Even though her daughter is doing better, Elizabeth battles living in fear.

“The risk of relapse is real,” she said. “It’s always going to be a threat. A relapse can always happen. I am always on edge. I sleep with my phone next to the bed, just waiting for that call. I pray it never comes. I’m more afraid of that knock on the door in the middle of the night.”

Elizabeth put the struggle into simple terms.

“It’s like staring down the devil,” she said. “I’m not going to blink.”

The whole experience has left Elizabeth infuriated, especially in regards to how dealers get youth started.

“They give it away at parties just to hook them,” said Elizabeth, who has shared all the information and contact information from Facebook messages with police to help their efforts. “You know how we tell our kids don’t take candy from a stranger?
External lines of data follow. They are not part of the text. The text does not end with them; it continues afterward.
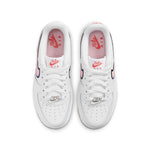 (GS) Nike Air Force 1 LV8 'Pink Glaze' DB4542-100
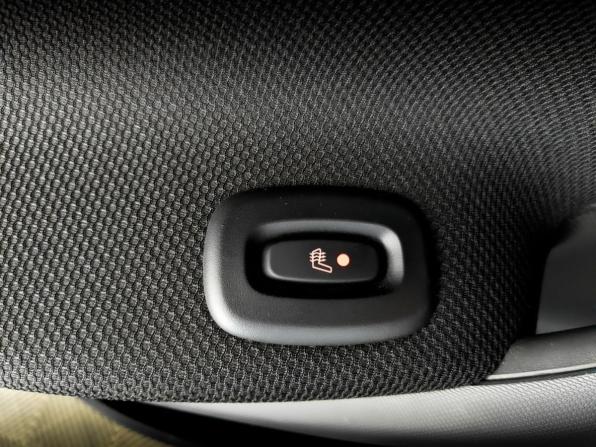Smart Forfour II с пробегом 2020 года, цена 1 875 000 рублей, 26054 км, хэтчбек, Автокод Объявления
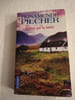 Retour sur la lande. ROSAMUNDE PILCHER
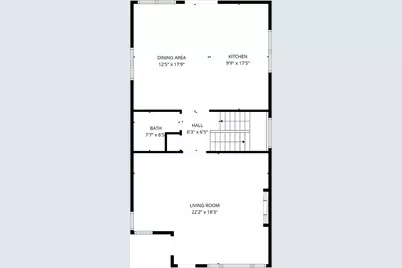 6119 W 55th Street, Chicago, IL 60638 - Photo 26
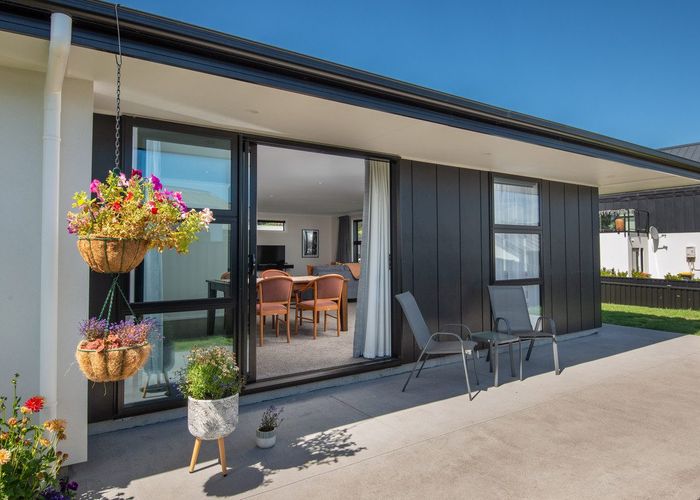  at 4 Cuddie Close, East Taieri, Mosgiel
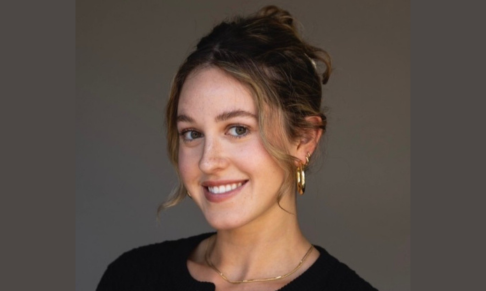 MERIT (USA) appoints Influencer Marketing Coordinator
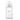 PHILIPS AVENT Tetero Natural 3.0 de Vidrio Grado Farmacéutico 8Oz - OKOLO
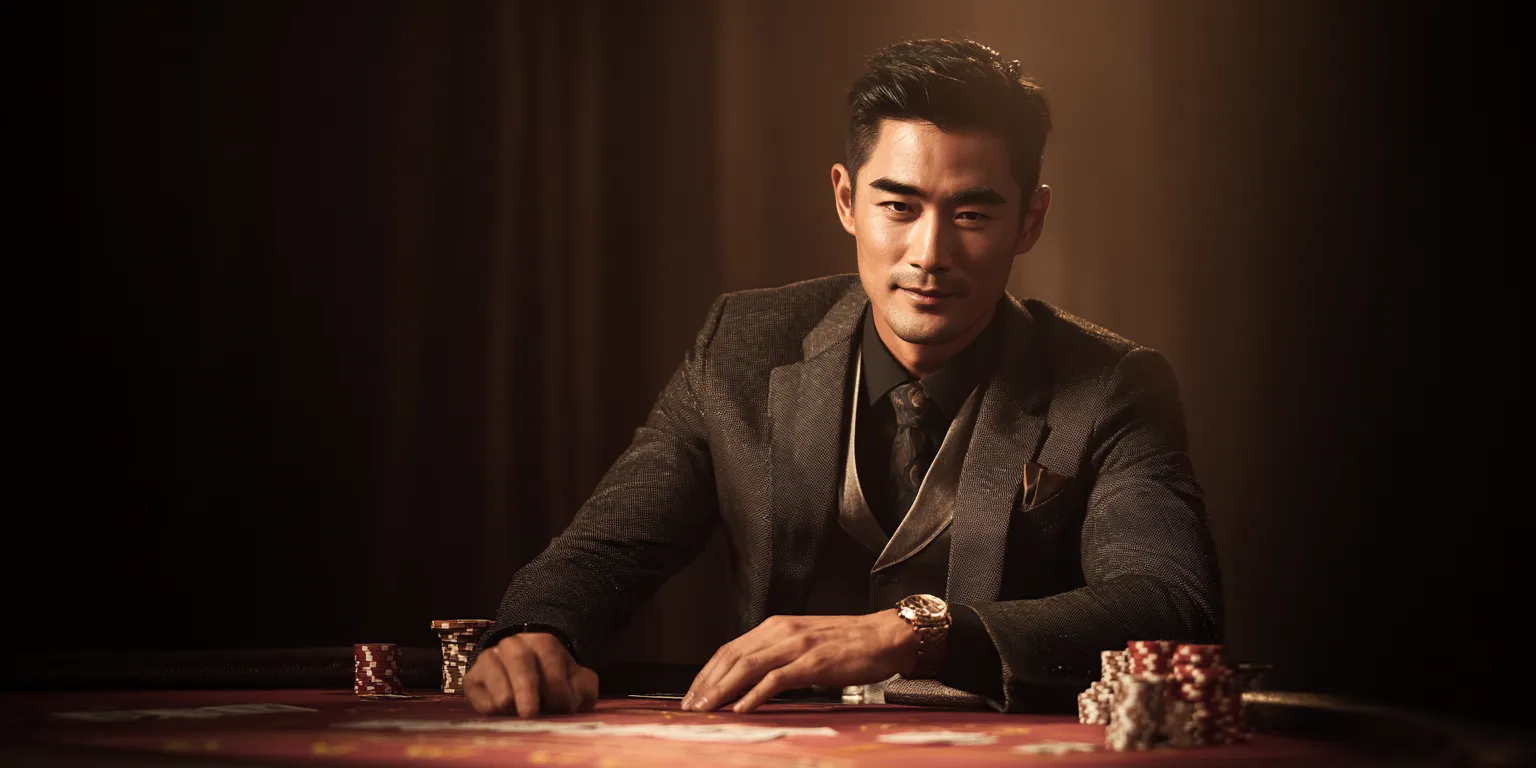 Những Điều Cần Biết Về XSMB 30 và Dự Đoán XSMB 30 Ngày 24 Tháng 2 Năm 2025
It’s the same with drugs. If you knew taking that one hit, to give you that high, could end up like Sam that next day, unable to walk, throwing up because every muscle in her body hurt, you’d realize it’s not worth it. It’s horrifying. Plus it could kill you the first time.”

Having watched her friends Jeff and Hollie Crist bury their son Brandon, who died at the age of 22 in September due to a heroin overdose, Elizabeth knew she had to publicly share her family’s story. She posted about it recently on Facebook and willingly shared the story with this paper in the hopes of making people aware of the dangers.

“The one person who was going to call 9-1-1 to save Samantha’s life that night was Brandon Crist. I don’t believe we’ve gone through this to just be quiet about it,” Elizabeth said. “We would miss the whole point.”